● **Exercise goal**:
The line containing "Lauren Active Ralph" marks the start; extract exactly from it through the last line of the entries, and omit any pictures.

● **Data listing**:
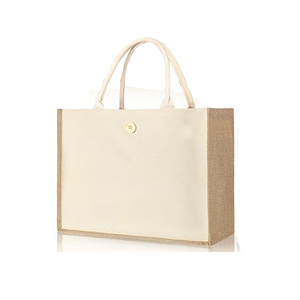 Sac fourre-tout réutilisable personnalisé pour les courses, design bouton, matériau durable, sac cadeau en jute naturel - Product Image 2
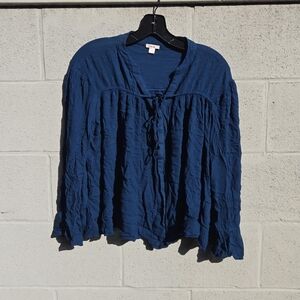 Deep Blue Peasant Blouse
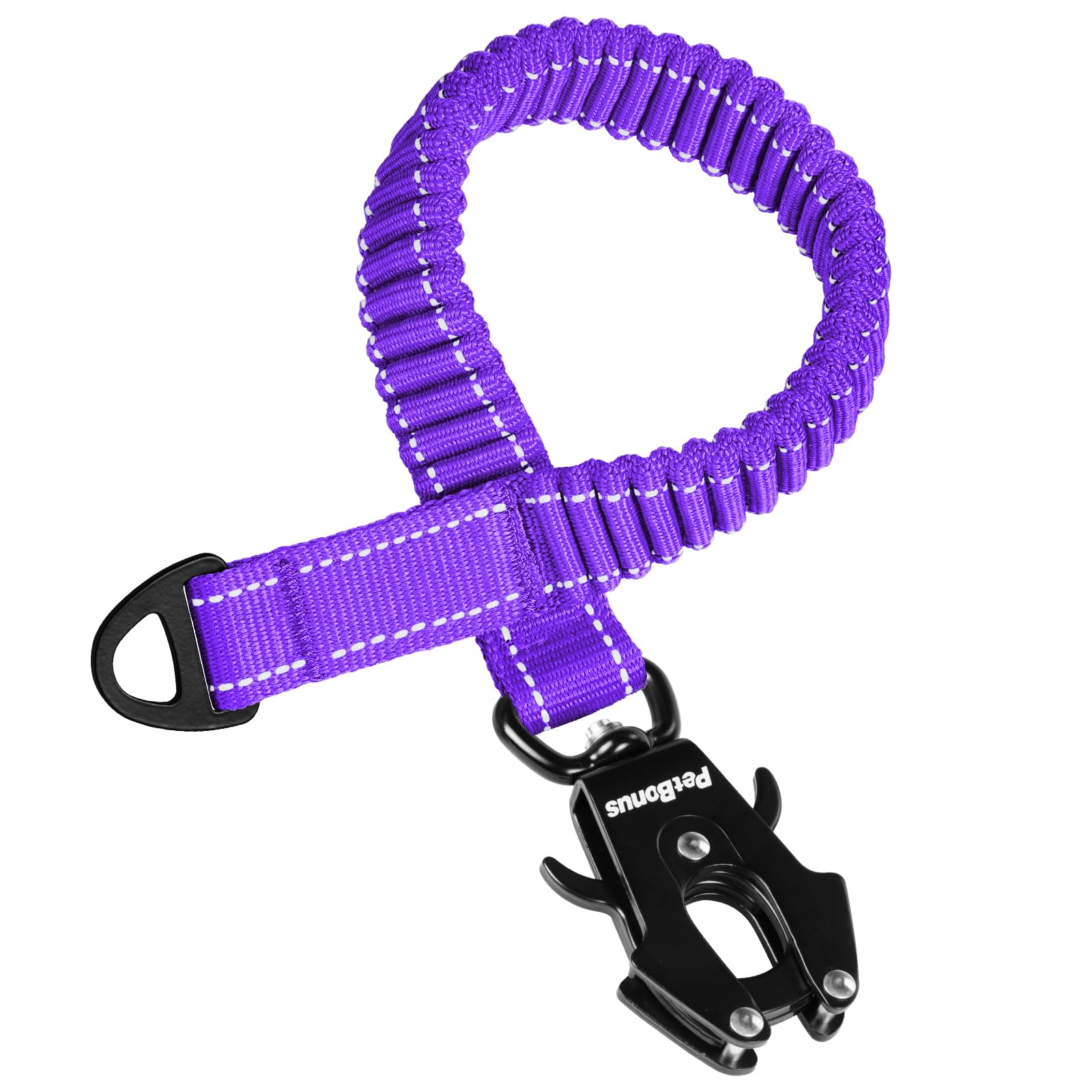 PetBonus Bungee Dog Lead Extension, 45 cm Shock Absorbing Lead Extender, Heavy Duty Medium Large dog Lead Attachment, Reflective Nylon Leash Extender for Walking, Running, Biking (Purple)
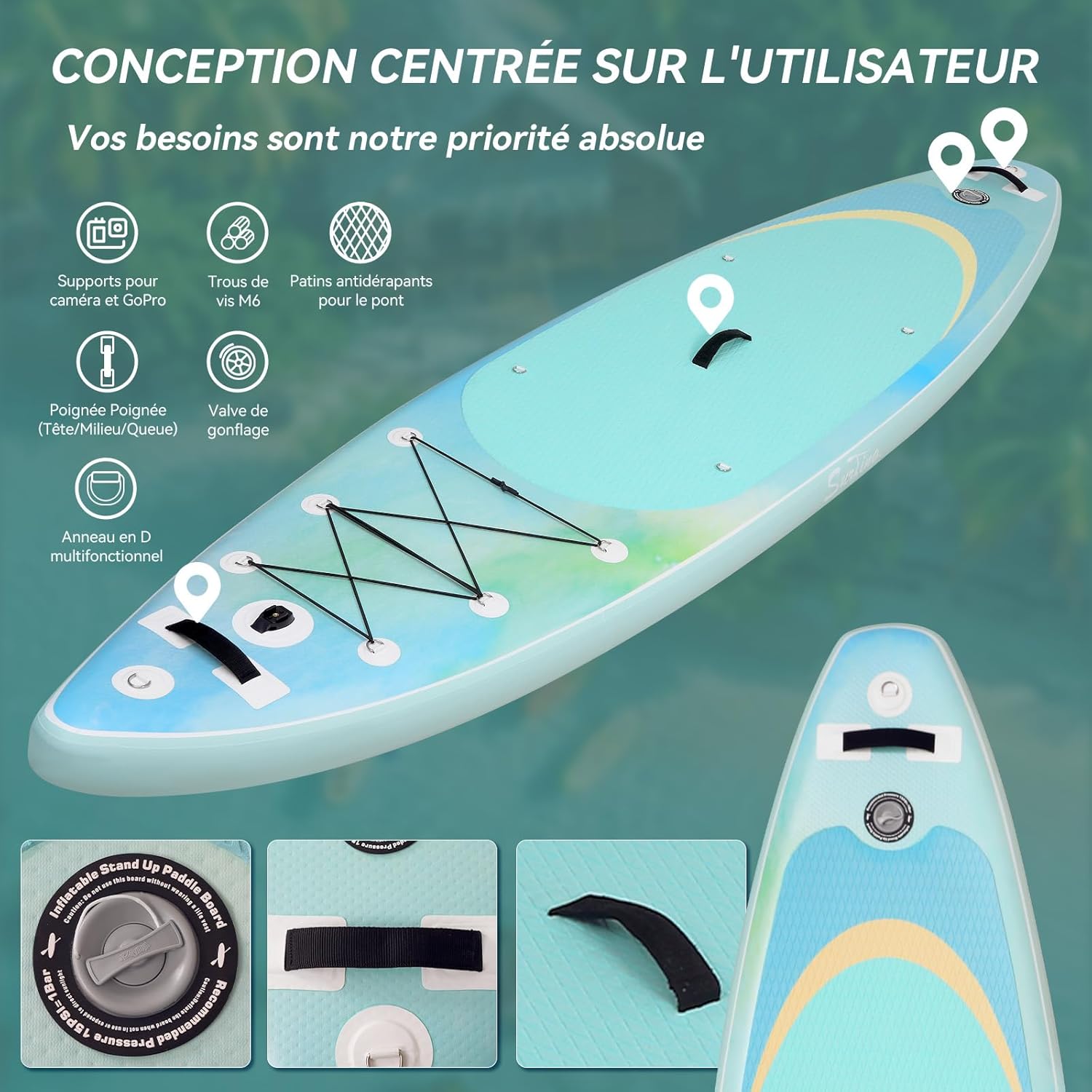 etezen - paddle gonflable adulte - 320/335cm - 2 places, siège kayak, pagaie alu, support caméra, pompe, 150 kg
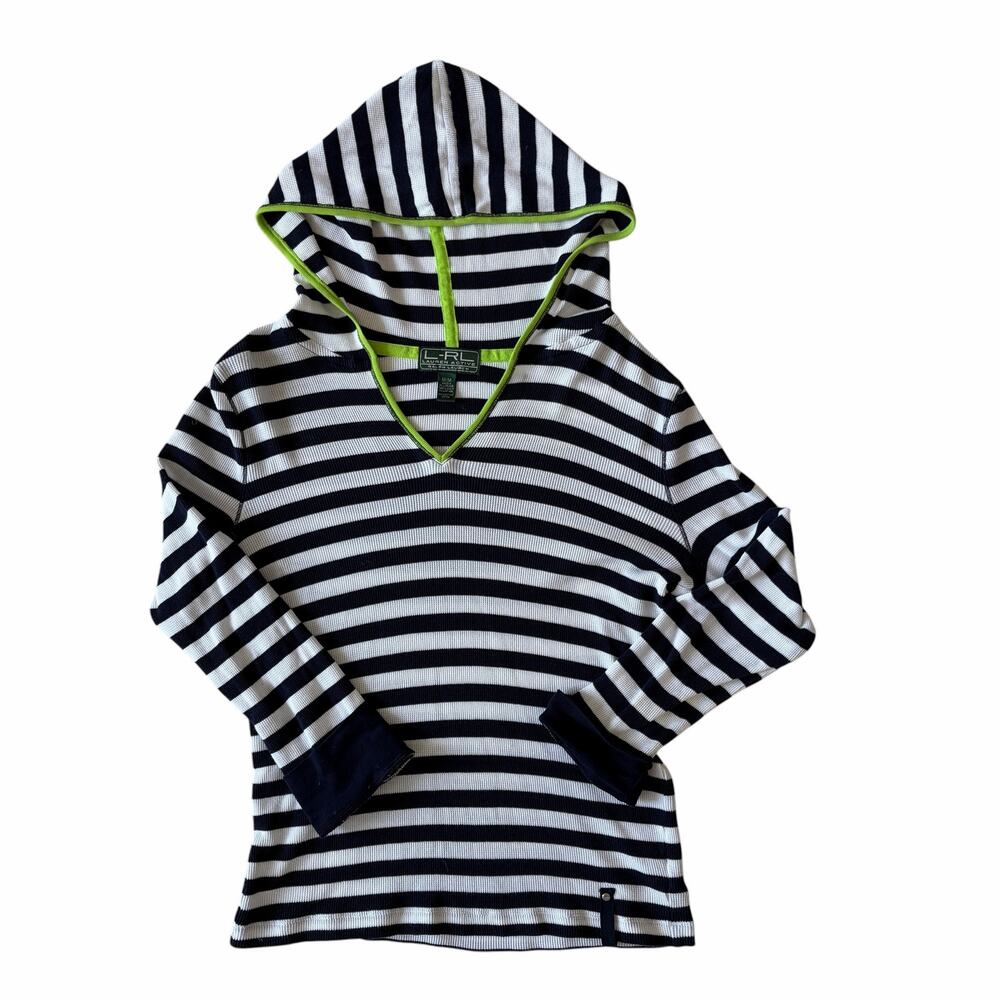 Lauren Active Ralph Lauren Blue & White Striped Waffle Knit Hoodie Womens Size M
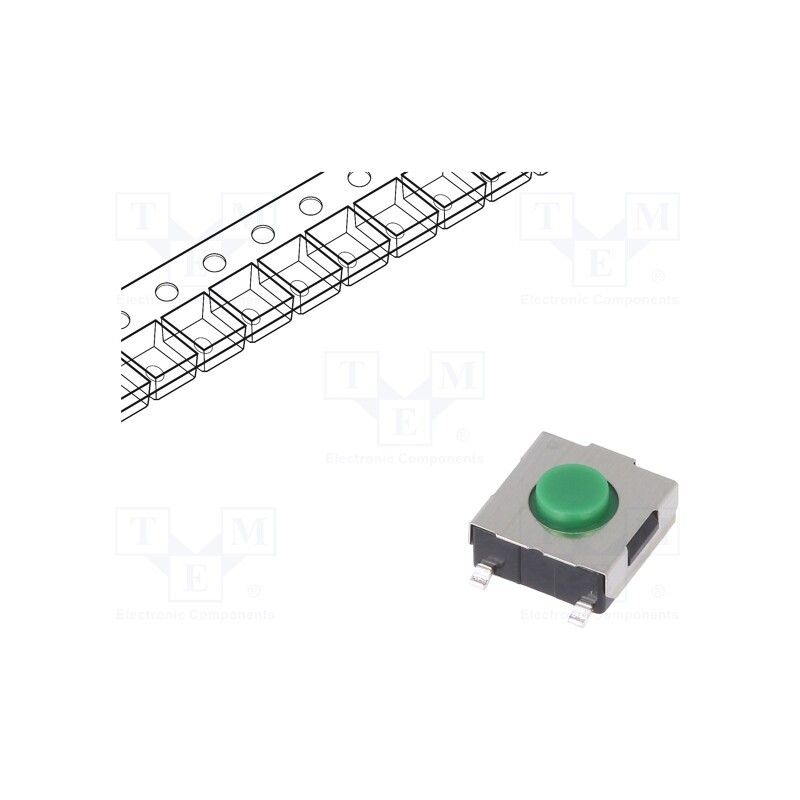 2 pcs x ALPS - SKHMQLE010 - Microswitch TACT, SPST, Pos: 2, 0.05A/12VDC, SMT, 1.6N, 3.1mm, round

● **Solution for this exercise**:
 Lauren Active Ralph Lauren Blue & White Striped Waffle Knit Hoodie Womens Size M
 2 pcs x ALPS - SKHMQLE010 - Microswitch TACT, SPST, Pos: 2, 0.05A/12VDC, SMT, 1.6N, 3.1mm, round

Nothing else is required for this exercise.